Other topics

This unit examines the following topics:

  • interpreting random forests
  • training random forests
  • pros and cons of random forests

Interpreting random forests

Random forests are more complex to interpret than decision trees. Random forests contain decision trees trained with random noise. Therefore, it is harder to make judgments on the decision tree structure. However, we can interpret random forest models in a couple of ways.

One approach to interpret a random forest is simply to train and interpret a decision tree with the CART algorithm. Because both random forest and CART are trained with the same core algorithm, they "share the same global view" of the dataset. This option works well for simple datasets and to understand the overall interpretation of the model.

Variable importances are another good interpretability approach. For example, the following table ranks the variable importance of different features for a random forest model trained on the Census dataset (also known as Adult).

Table 8. Variable importance of 14 different features.
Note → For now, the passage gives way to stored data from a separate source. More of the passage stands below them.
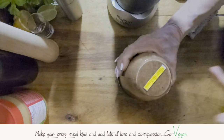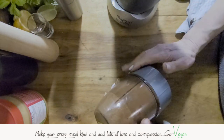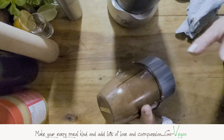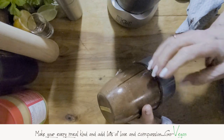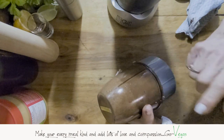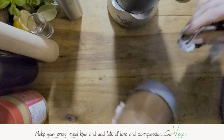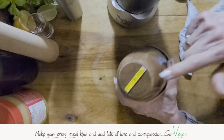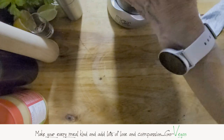Something else you can do: if you find it's too hard for your machine or it's not powerful enough, don't use all the nuts in the beginning. Use less nuts, put all the other ingredients together and you'll have a more liquidy Nutella. Then you can add the balance of the nuts at the end once it's nice and creamy. That's going to make your life a little easier.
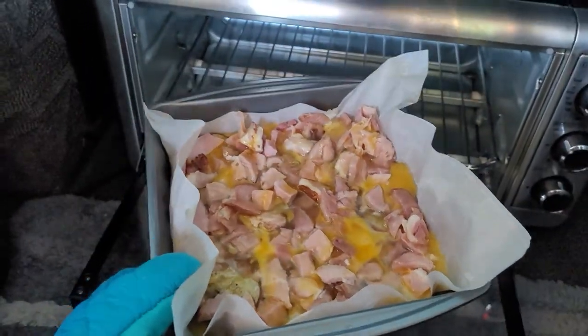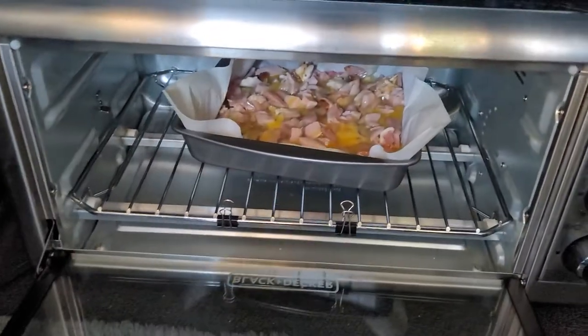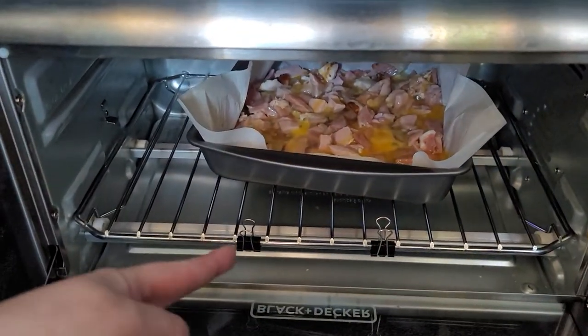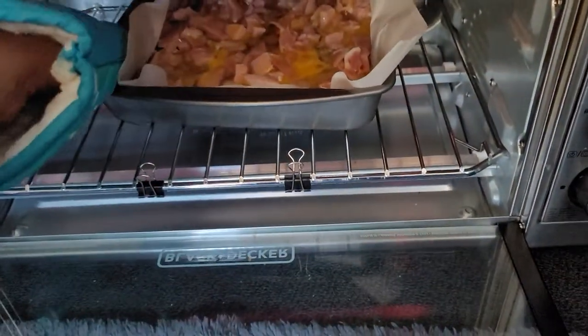I made a breakfast bake this morning. I sliced potatoes, put ham, and then put eggs on top of it. It's not pretty before it's cooked, but that's good stuff. And then you set it in there, and that way, if it slides forward, the binder clips will hold the pan in so it doesn't open the door.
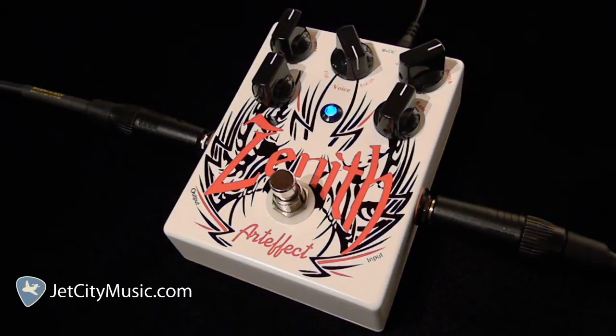Welcome to JetCityMusic.com. My name is David and I'll be your host for the next few minutes as we go over some of the features and sounds of the Artifact Zenith Overdrive. It's a very versatile overdrive with lots of EQ control, including a variable frequency boost in the voice knob, a push-pull drive knob for more gain, and a push-pull volume knob for more punch.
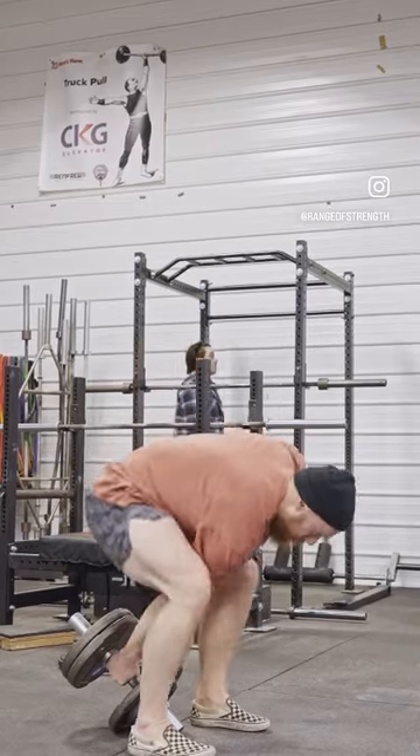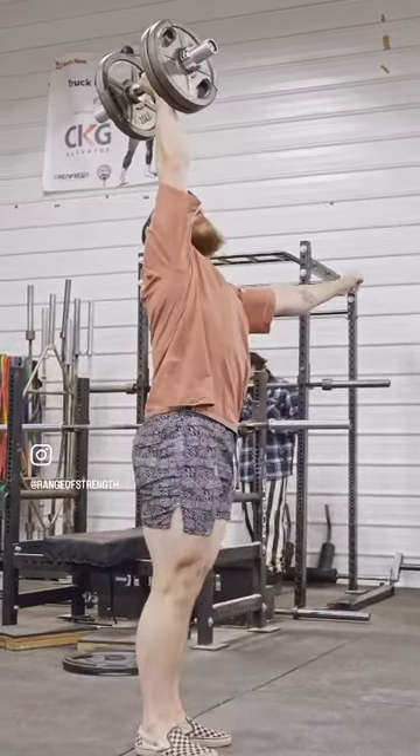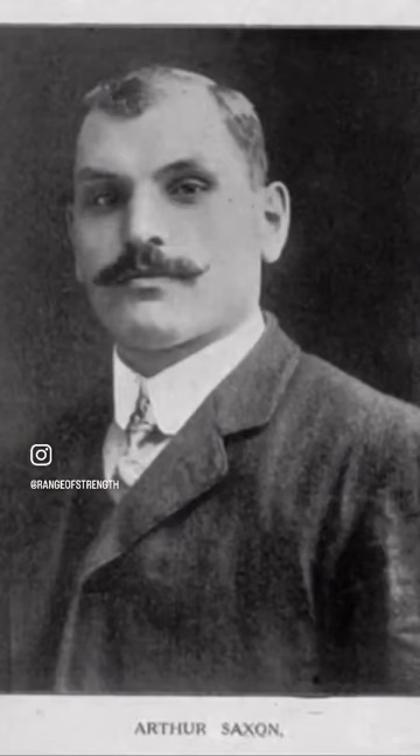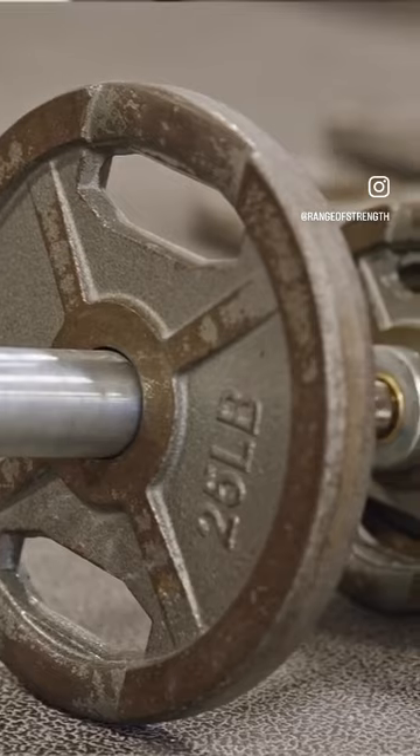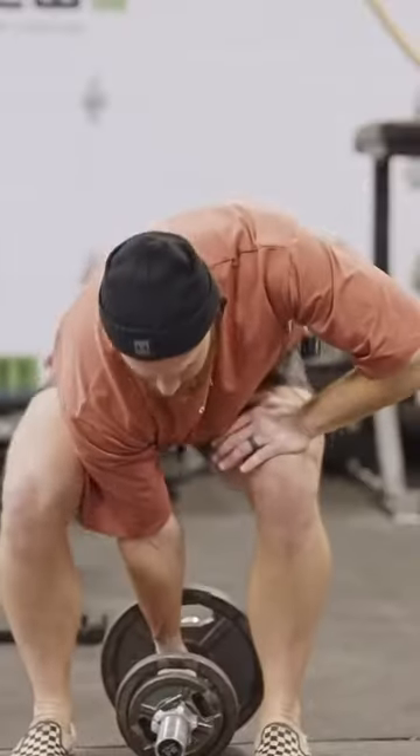The dumbbell swing was a key lift in the bronze era of strength. The objective was to get as much weight as possible overhead in a pendulum-type action. Arthur Saxon had the ability to swing 187 pounds overhead with his right hand, often performed using a backhang setup where more weight was distributed from the back to make the turnover more efficient.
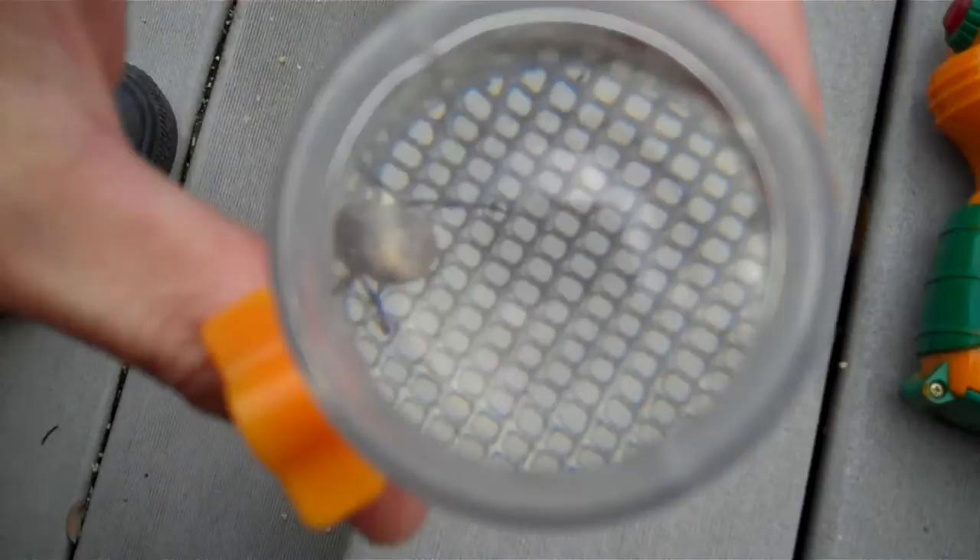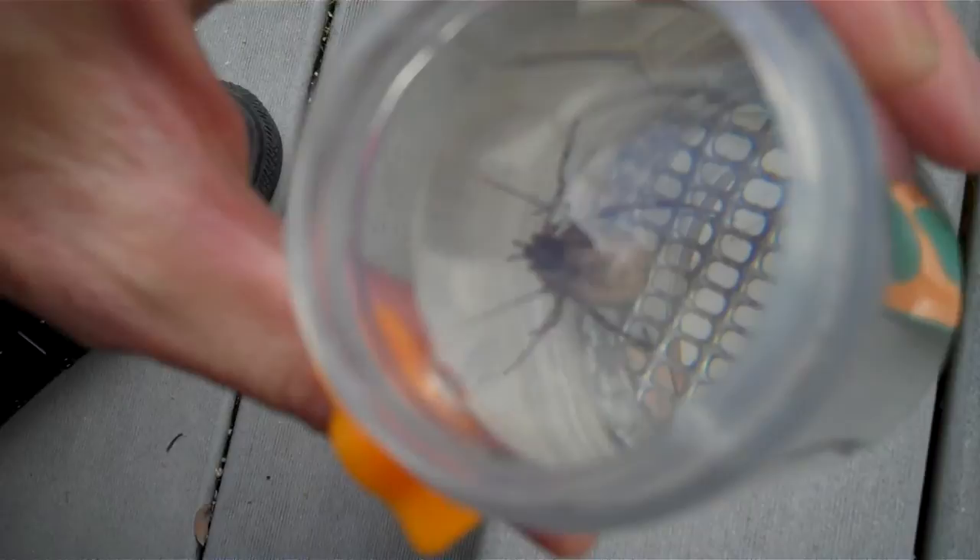Now we got a cool spider in there. That's a magnifying glass so you get to see a big old view of the spider.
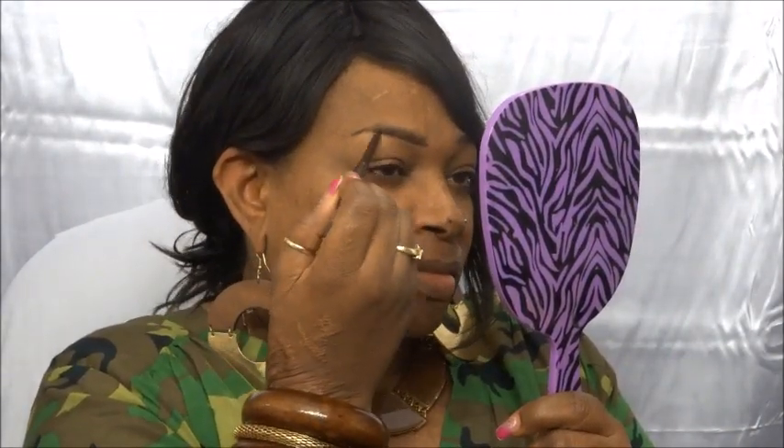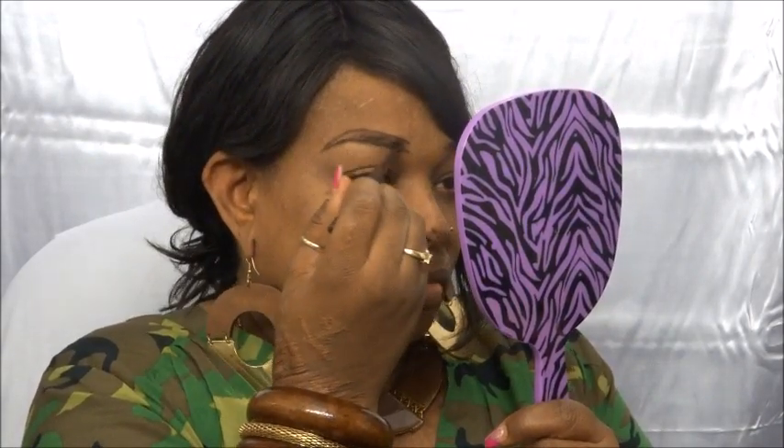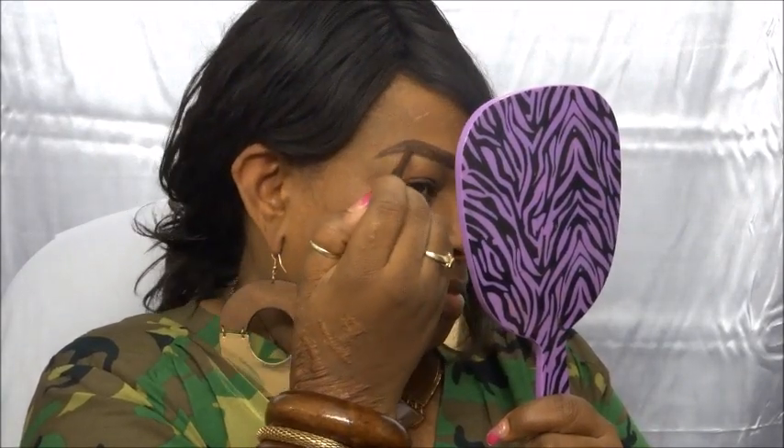That's just a little Mac lip conditioner — I don't even know if they still sell it, but I've had it for some years. We're gonna do brows first, and I'm going to be using this brow pencil by Jordana. It's the Easy Liner Retractable in Coffee Bean — it's for eyes but I'm going to use it on my brows. I always take the back end of my brush and create my fade.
Feature Sum score Mean decrease in accuracy Mean decrease in AUC Mean min depth Num nodes Mean decrease in PR-AUC Num as root
relationship

4203592.6

0.0045

0.0172

4.970

57040

0.0093

1095

capital_gain

3363045.1

0.0199

0.0194

2.852

56468

0.0655

457

marital_status

3128996.3

0.0018

0.0230

6.633

52391

0.0107

750

age

2520658.8

0.0065

0.0074

4.969

356784

0.0033

200

education

2015905.4

0.0018

-0.0080

5.266

115751

-0.0129

205

occupation

1939409.3

0.0063

-0.0040

5.017

221935

-0.0060

62

education_num

1673648.4

0.0023

-0.0066

6.009

58303

-0.0080

197

fnlwgt

1564189.0

-0.0002

-0.0038

9.969

431987

-0.0049

0

hours_per_week

1333976.3

0.0030

0.0007

6.393

206526

-0.0031

20

capital_loss

866863.8

0.0060

0.0020

8.076

58531

0.0118

1

workclass

644208.4

0.0025

-0.0019

9.898

132196

-0.0023

0

native_country

538841.2

0.0001

-0.0016

9.434

67211

-0.0058

0

sex

226049.3

0.0002

0.0002

10.911

37754

-0.0011

13

race

168180.9

-0.0006

-0.0004

11.571

42262

-0.0031

0

As you see, different definitions of variable importances have different scales and can lead to differences in the ranking of the features.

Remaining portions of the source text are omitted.